■ Provided records ■

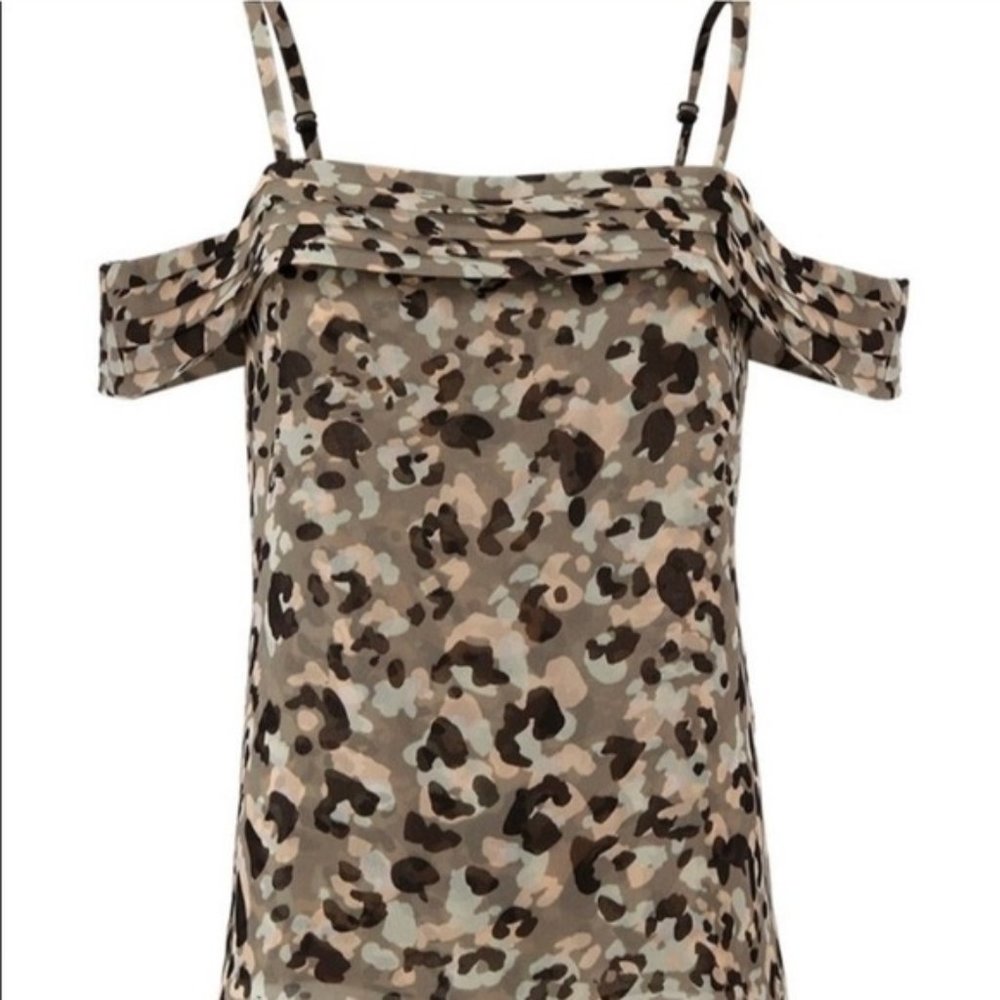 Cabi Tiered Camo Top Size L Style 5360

--

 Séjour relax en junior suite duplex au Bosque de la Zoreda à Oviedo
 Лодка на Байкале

■ Exercise requirements ■
Would you copy, unchanged, the stretch of the records above that begins at the line containing "Séjour relax en" and ends at the line containing "Лодка на Байкале", and only that?

■ Completed exercise ■
 Séjour relax en junior suite duplex au Bosque de la Zoreda à Oviedo
 Лодка на Байкале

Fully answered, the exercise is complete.